Sto og hang. If you were somewhere with friends, standing around and waited for nothing in particular to happen, or not happen. Just watching people going by and chat with your friends. It comes without a timer, but it's likely to be at least 15 minutes and counting. You need to actually be on your feet during this "exercise".
I'll probably over-explain it again, but if your workers sto og hang they were taking a break when they were not up for one, or they had run out of assignments and were idling even though there were other things waiting to be done.

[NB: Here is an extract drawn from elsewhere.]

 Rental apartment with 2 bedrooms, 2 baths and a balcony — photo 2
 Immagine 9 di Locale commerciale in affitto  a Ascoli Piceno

Actually, I just found my gigantic dictionary lists all three "hanging about/around/out", under the Norwegian headword "henge omkring" (to be clear). Loitering ("stand or wait around without apparent purpose"), is an even better translation.
(There are some notes about use in BrE and AmE that would explaing why one or the other sounds weird.)
"Loiter" in English has a negative connotation that "hang out" does not, but "hang around" and "hang about" do, implying idleness, uselessness, or unwanted presence. "Hang out" in this sense is anyway an American usage originally, as the OED makes clear (text search for the intransitive senses):
Here we have an older British usage meaning to reside; and an American usage meaning to associate casually with friends. It is possible that at one point "hang out"="loiter" in connotation, as a New Yorker citation from the 1940s suggests, but it no longer does, in my opinion.
(You will need to copy and paste to get the whole link above; it expires in 3 days.)
In (British) English, "hanging about/around" definitely has negative connotations, like "loitering", and would be used in the context of someone (usually) standing in the same place without good reason, and with potentially nefarious motivations. (Somehow people just waiting for lifts look more purposeful!)
In contrast, "hanging out" is a more legitimate way to spend time, specifically relaxing. Commonly, you'd hang out with other people (my daughter's friend comes over to "hang out" at our place); but not necessarily (I might go to the coffee shop on my own, to just hang out there). To spend time relaxing.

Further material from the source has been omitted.